## Assignment
For this exercise, reproduce only the lines from the one holding "DeFacto Tailliertes Basic-Langarm-Crop-T-Shirt" through the final line of the data below, exactly, and omit pictures.

(Material provided begins)

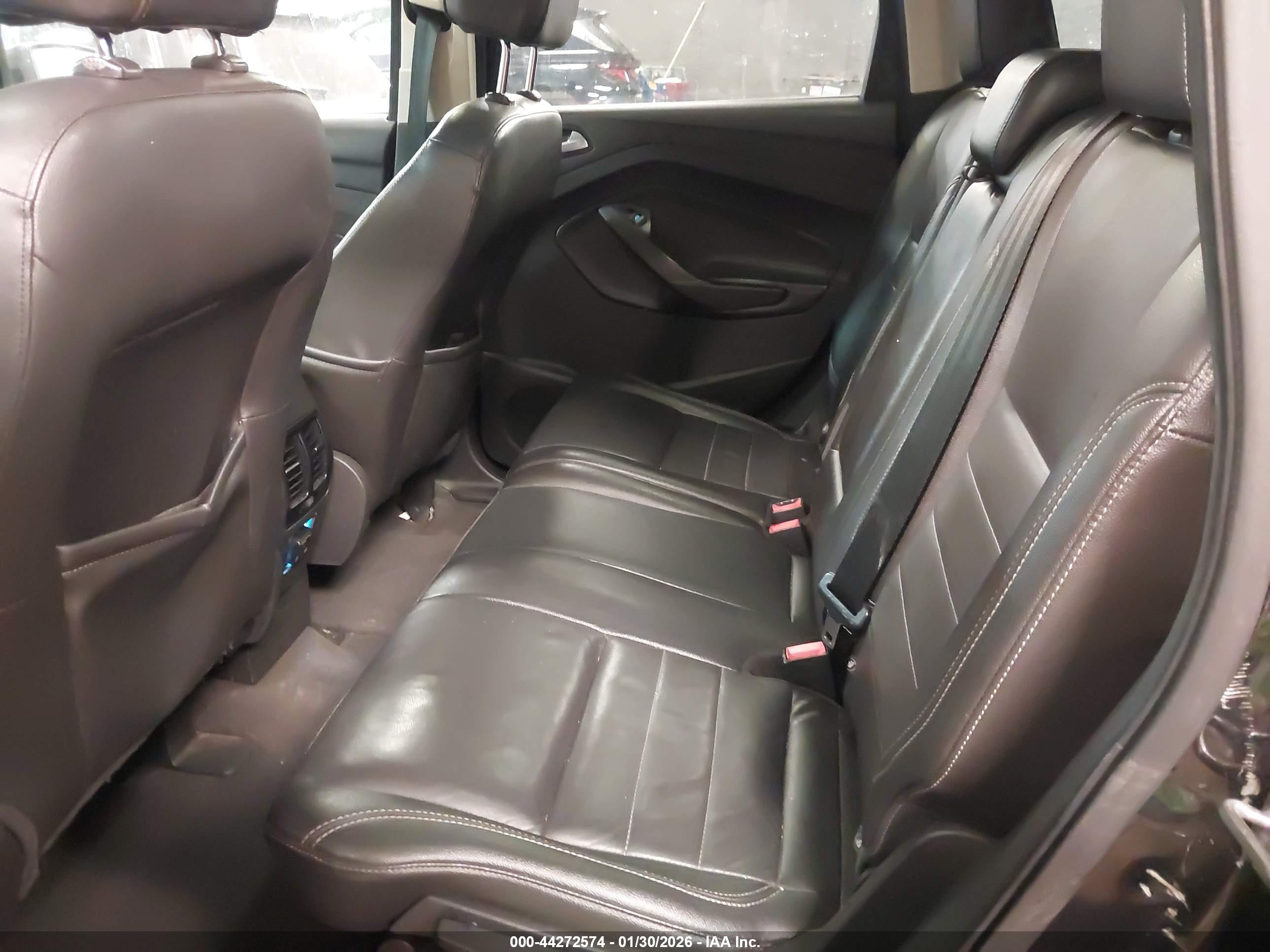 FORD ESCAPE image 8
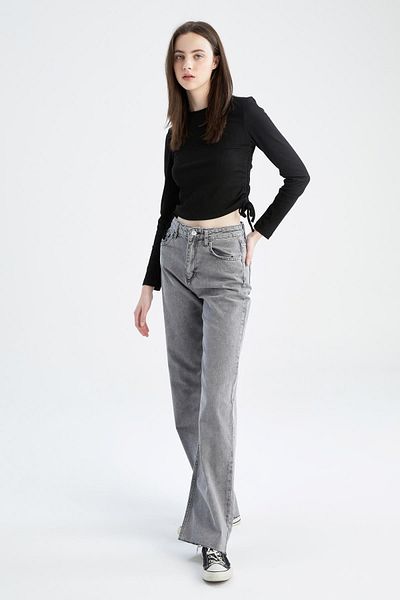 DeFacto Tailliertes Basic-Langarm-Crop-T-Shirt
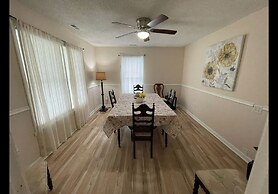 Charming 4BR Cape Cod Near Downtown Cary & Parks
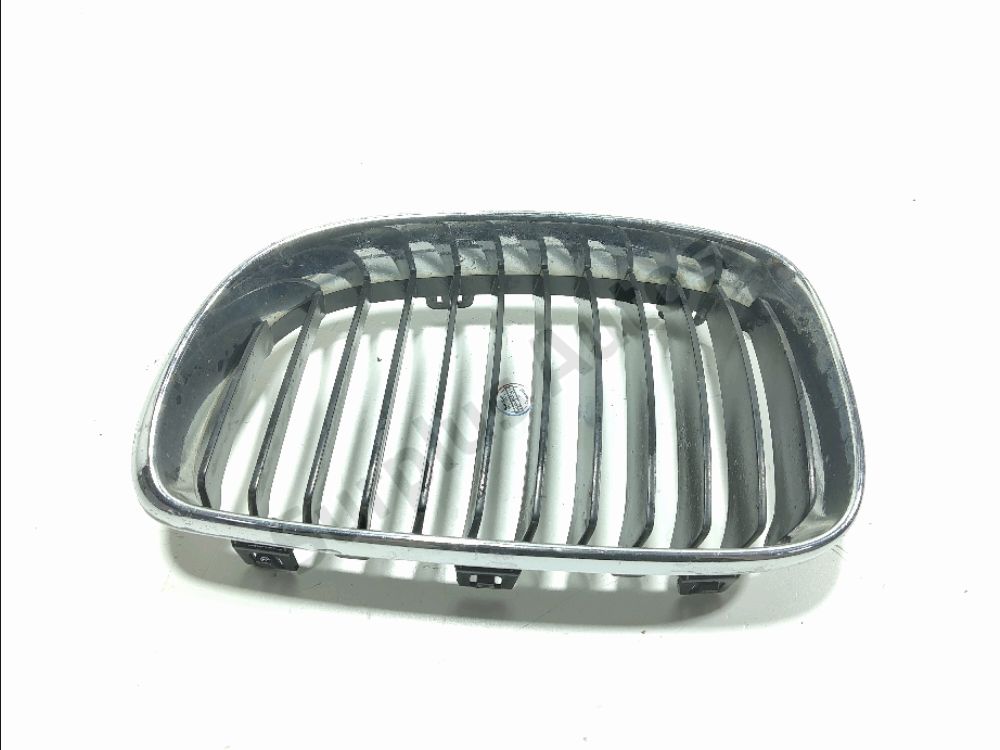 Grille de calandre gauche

(Material provided ends)

## Worked solution
 DeFacto Tailliertes Basic-Langarm-Crop-T-Shirt
 Charming 4BR Cape Cod Near Downtown Cary & Parks
 Grille de calandre gauche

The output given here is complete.